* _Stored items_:

*** Begin section ***

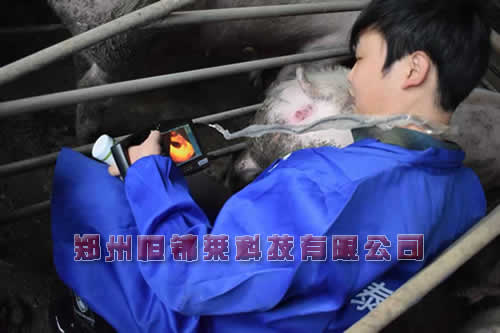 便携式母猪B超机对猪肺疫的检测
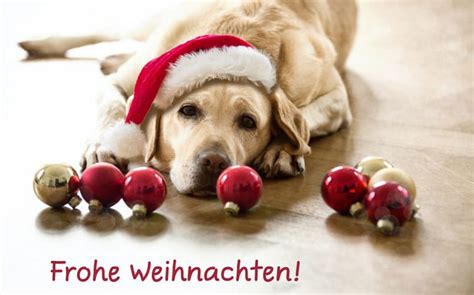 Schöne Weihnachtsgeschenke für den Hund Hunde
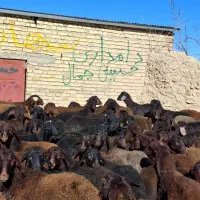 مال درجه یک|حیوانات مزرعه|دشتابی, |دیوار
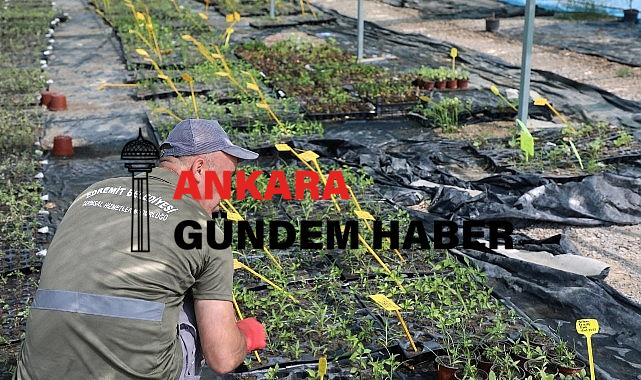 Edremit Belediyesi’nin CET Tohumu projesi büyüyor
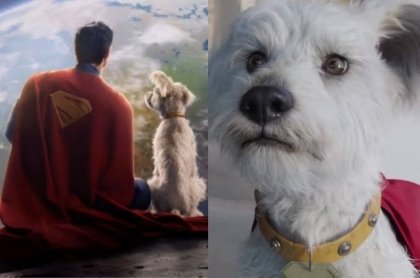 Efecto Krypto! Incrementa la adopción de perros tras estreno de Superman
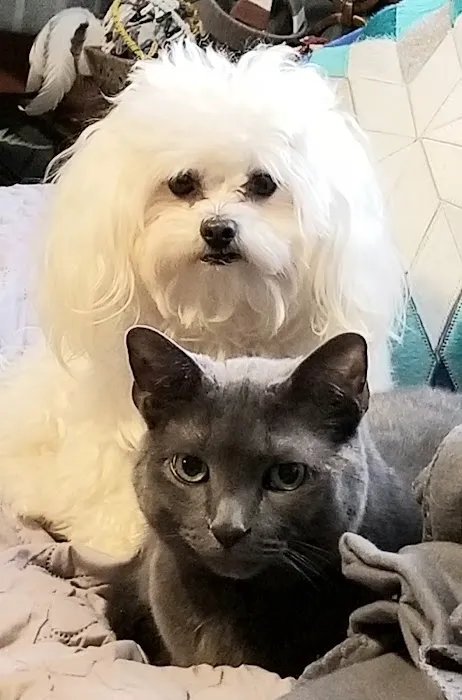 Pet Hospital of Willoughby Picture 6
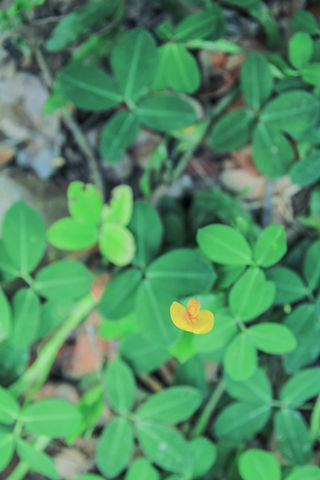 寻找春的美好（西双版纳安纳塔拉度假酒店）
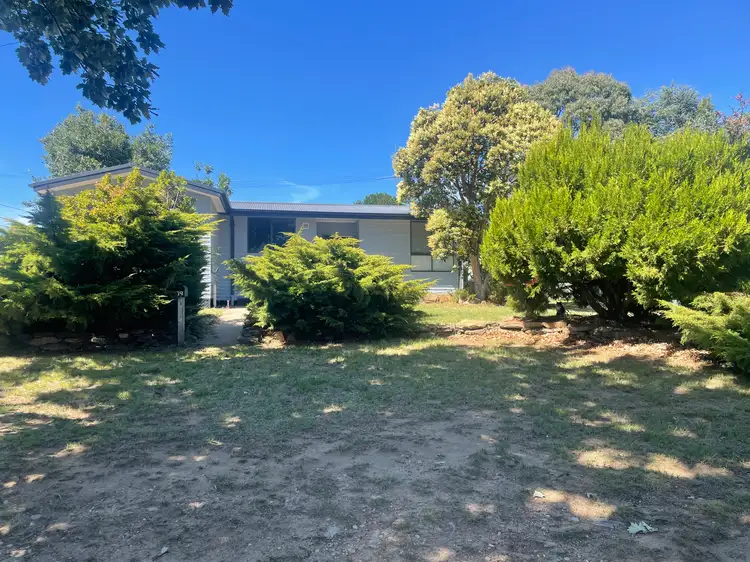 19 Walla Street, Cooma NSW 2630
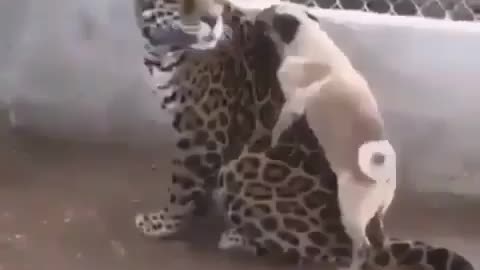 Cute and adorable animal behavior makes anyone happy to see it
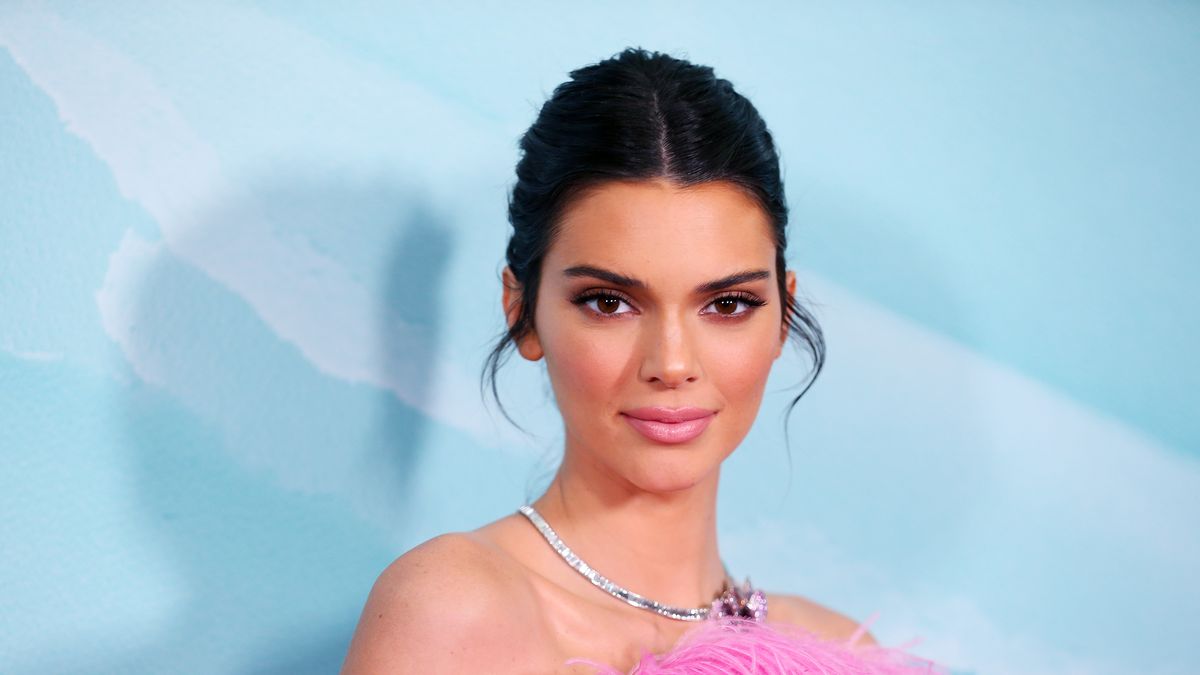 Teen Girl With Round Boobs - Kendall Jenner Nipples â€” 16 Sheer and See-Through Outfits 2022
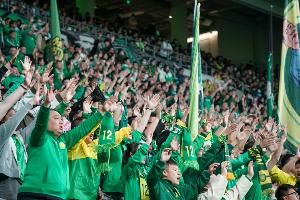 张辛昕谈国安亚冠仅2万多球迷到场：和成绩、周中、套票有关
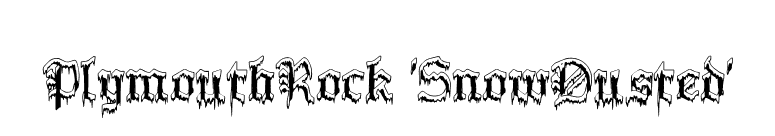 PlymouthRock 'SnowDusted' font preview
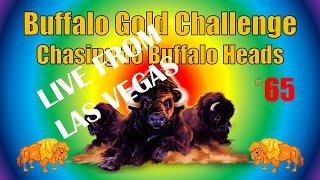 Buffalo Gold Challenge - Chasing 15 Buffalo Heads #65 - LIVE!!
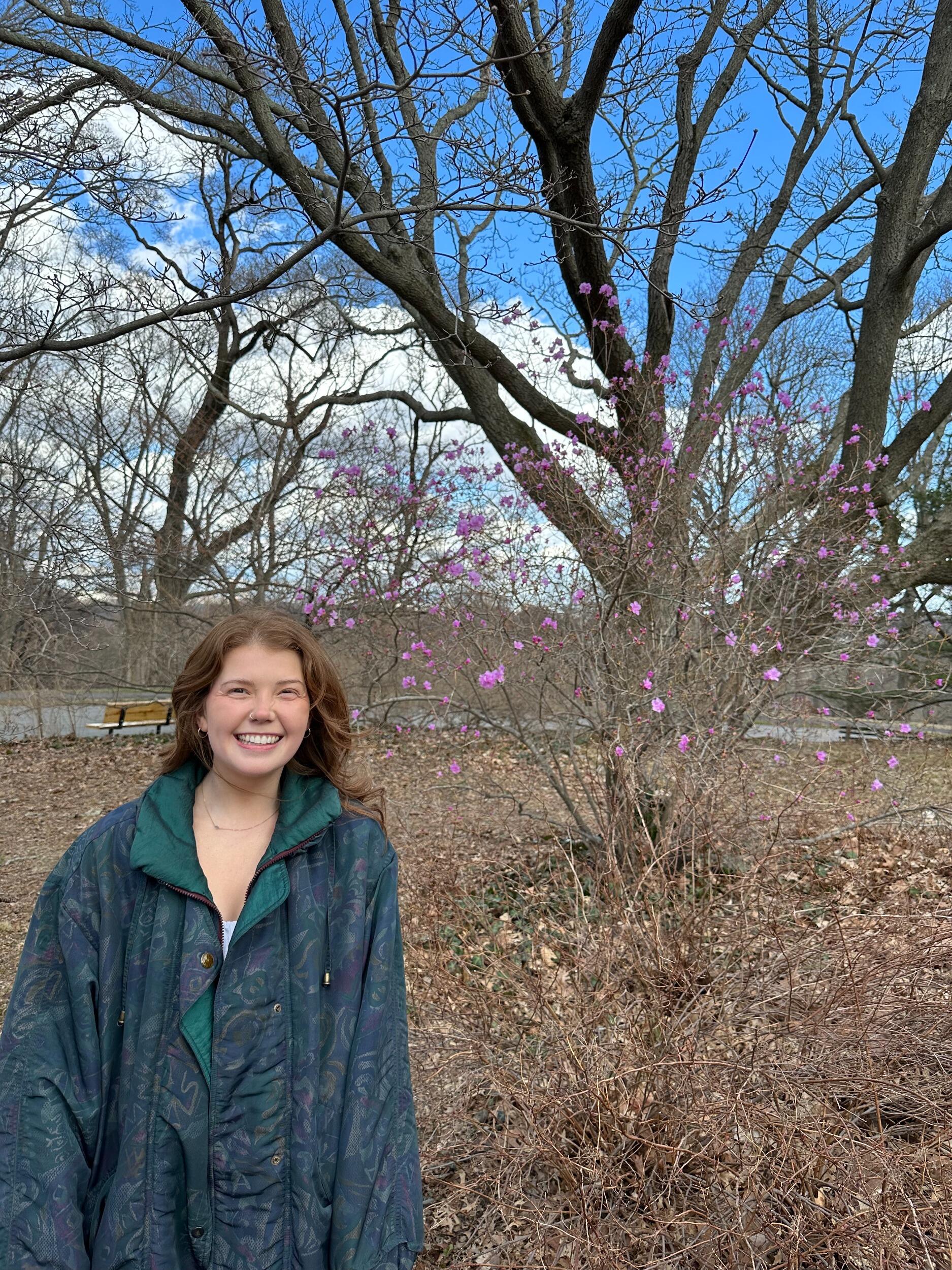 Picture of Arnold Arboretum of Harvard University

*** End section ***
*** Begin section ***

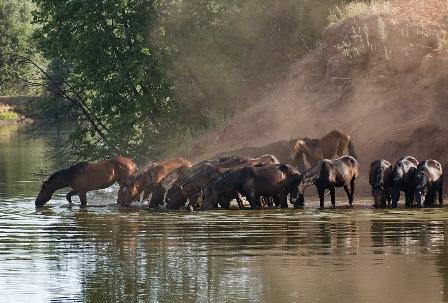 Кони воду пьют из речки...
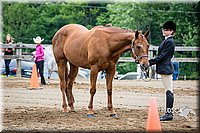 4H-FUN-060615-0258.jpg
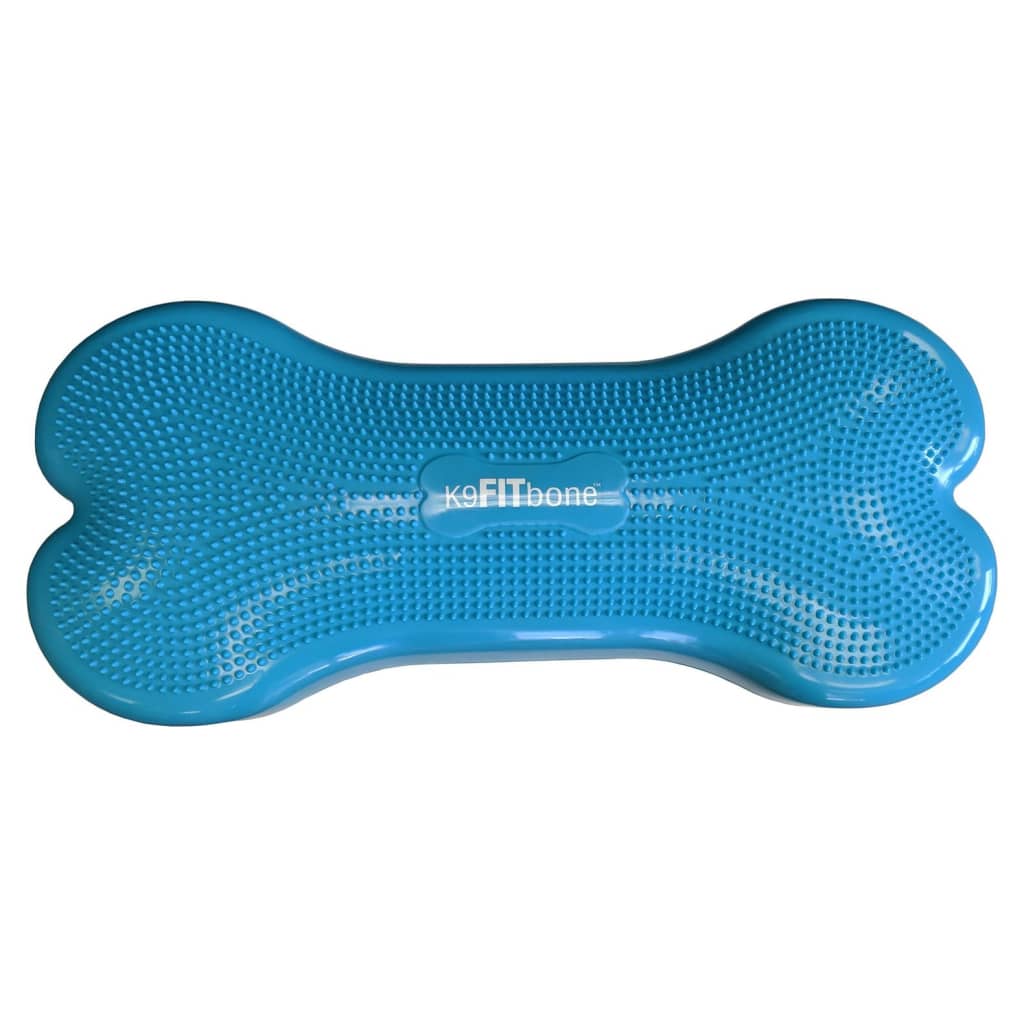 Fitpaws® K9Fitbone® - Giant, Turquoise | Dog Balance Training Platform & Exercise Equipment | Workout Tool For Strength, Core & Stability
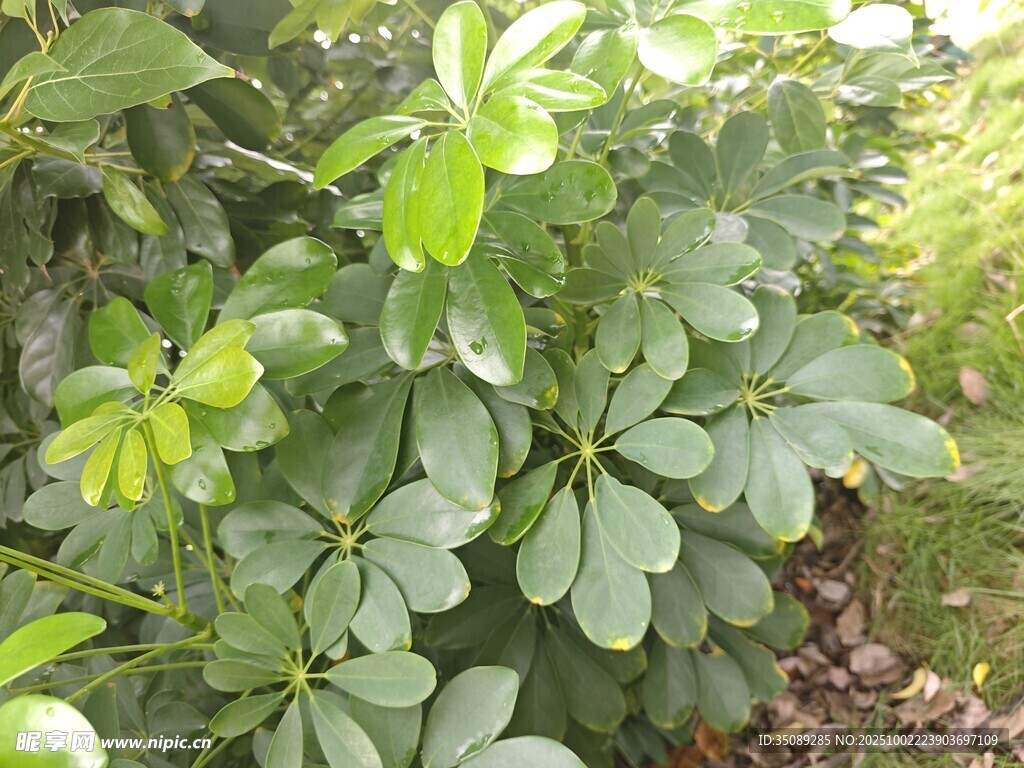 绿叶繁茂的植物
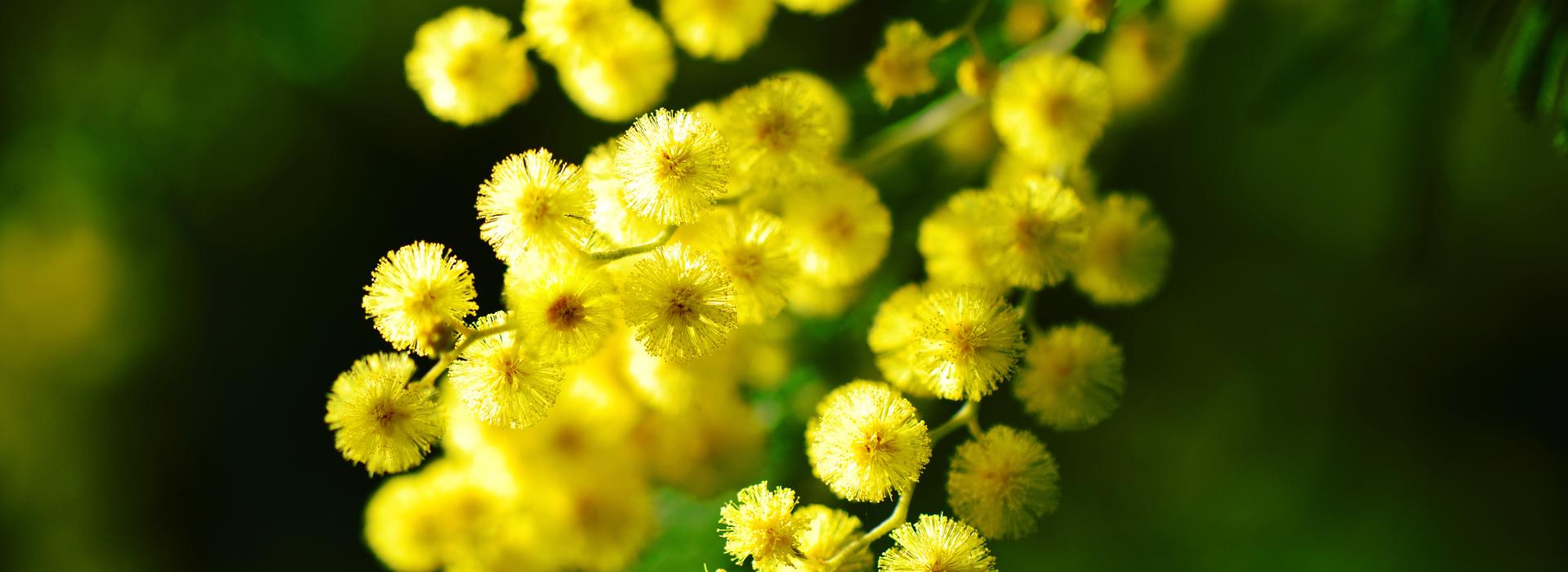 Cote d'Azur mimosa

*** End section ***

Copy word for word the lines above, starting at the line containing "Schöne Weihnachtsgeschenke für" and ending at the line containing "Picture of Arnold", inclusive, with no pictures.

* _Result below_:
 Schöne Weihnachtsgeschenke für den Hund Hunde
 مال درجه یک|حیوانات مزرعه|دشتابی, |دیوار
 Edremit Belediyesi’nin CET Tohumu projesi büyüyor
 Efecto Krypto! Incrementa la adopción de perros tras estreno de Superman
 Pet Hospital of Willoughby Picture 6
 寻找春的美好（西双版纳安纳塔拉度假酒店）
 19 Walla Street, Cooma NSW 2630
 Cute and adorable animal behavior makes anyone happy to see it
 Teen Girl With Round Boobs - Kendall Jenner Nipples â€” 16 Sheer and See-Through Outfits 2022
 张辛昕谈国安亚冠仅2万多球迷到场：和成绩、周中、套票有关
 PlymouthRock 'SnowDusted' font preview
 Buffalo Gold Challenge - Chasing 15 Buffalo Heads #65 - LIVE!!
 Picture of Arnold Arboretum of Harvard University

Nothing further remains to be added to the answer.